### INFORMATION PROVIDED
☆ ☆ ☆

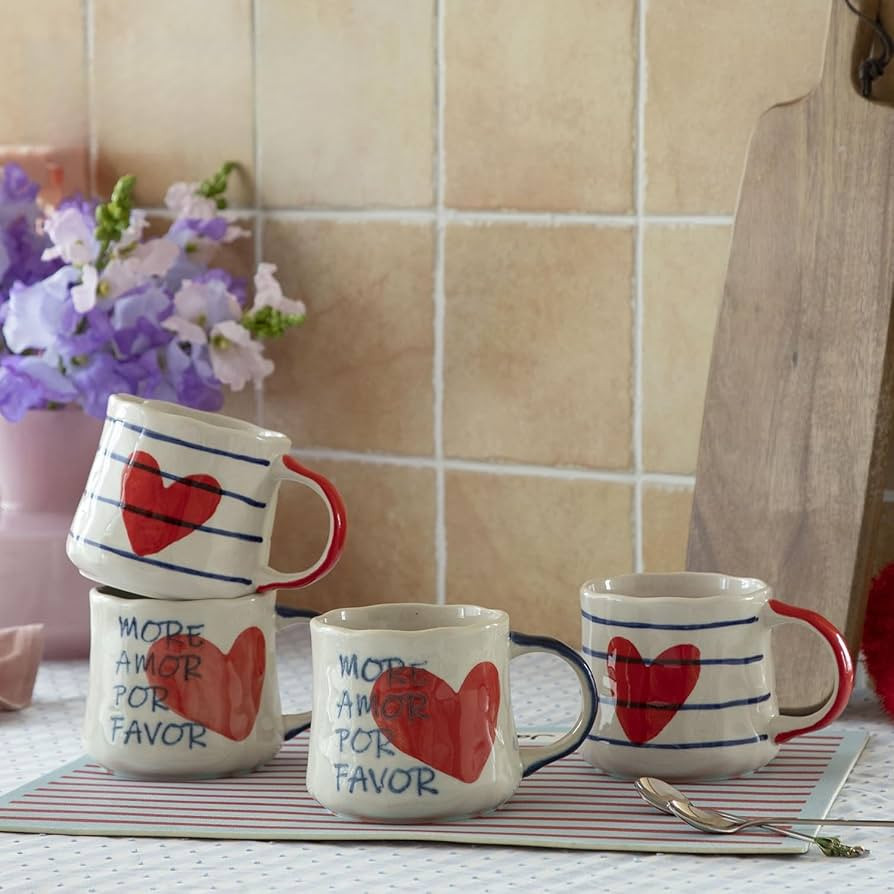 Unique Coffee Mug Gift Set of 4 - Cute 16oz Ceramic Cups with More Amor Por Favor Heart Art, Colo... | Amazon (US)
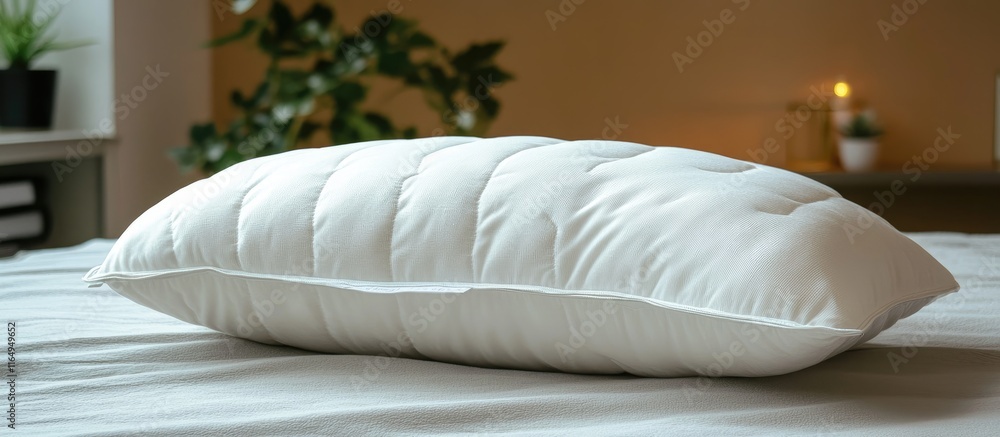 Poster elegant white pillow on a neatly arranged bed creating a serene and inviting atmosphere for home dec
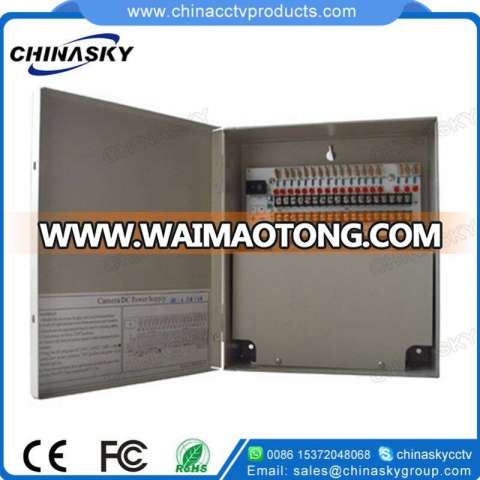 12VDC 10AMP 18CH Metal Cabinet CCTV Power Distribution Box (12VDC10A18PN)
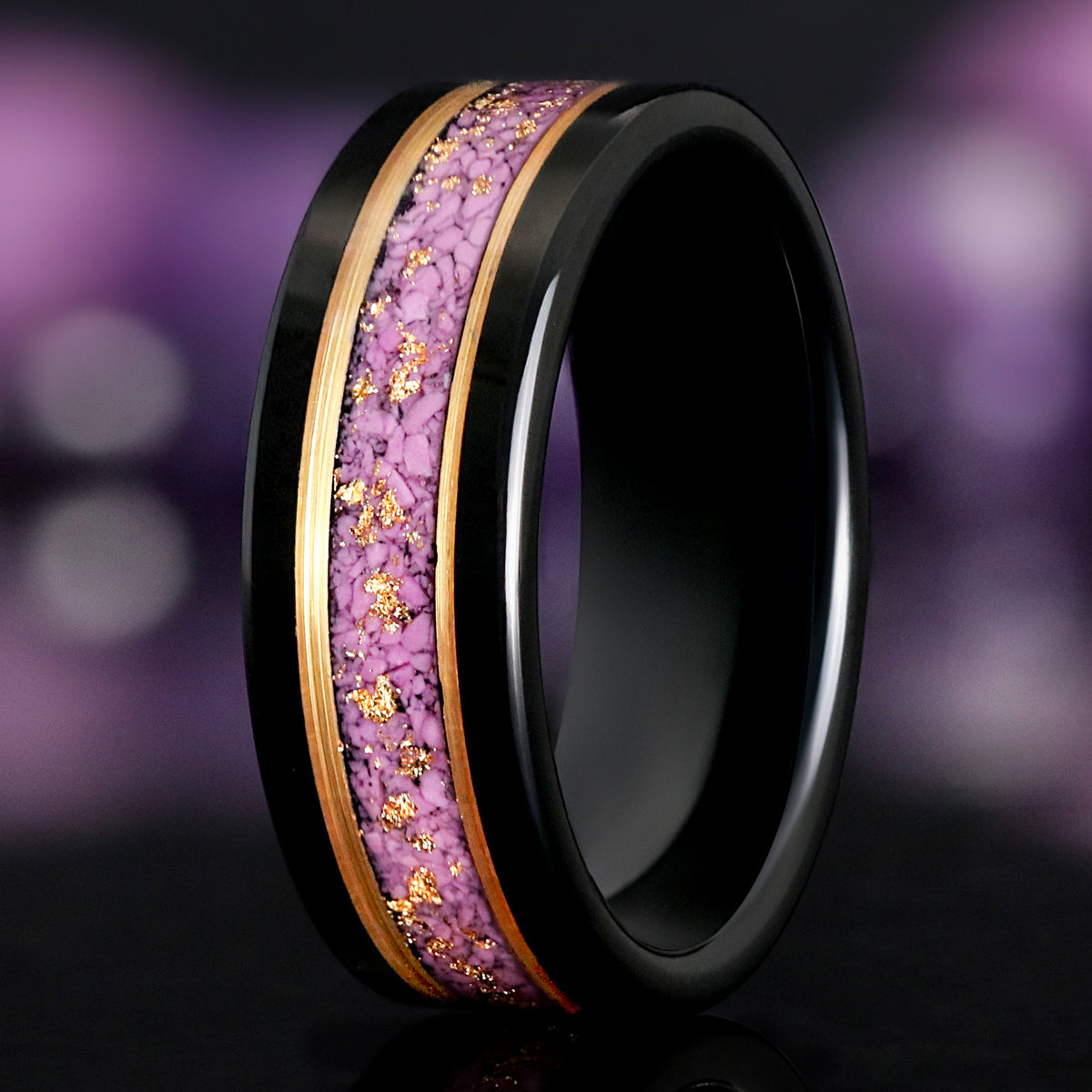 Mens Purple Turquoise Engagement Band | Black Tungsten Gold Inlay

☆ ☆ ☆

### WORK INSTRUCTIONS
Once the pictures are set aside, repeat the data above exactly as written.

### ANSWER TO THE EXERCISE
 Unique Coffee Mug Gift Set of 4 - Cute 16oz Ceramic Cups with More Amor Por Favor Heart Art, Colo... | Amazon (US)
 Poster elegant white pillow on a neatly arranged bed creating a serene and inviting atmosphere for home dec
 12VDC 10AMP 18CH Metal Cabinet CCTV Power Distribution Box (12VDC10A18PN)
 Mens Purple Turquoise Engagement Band | Black Tungsten Gold Inlay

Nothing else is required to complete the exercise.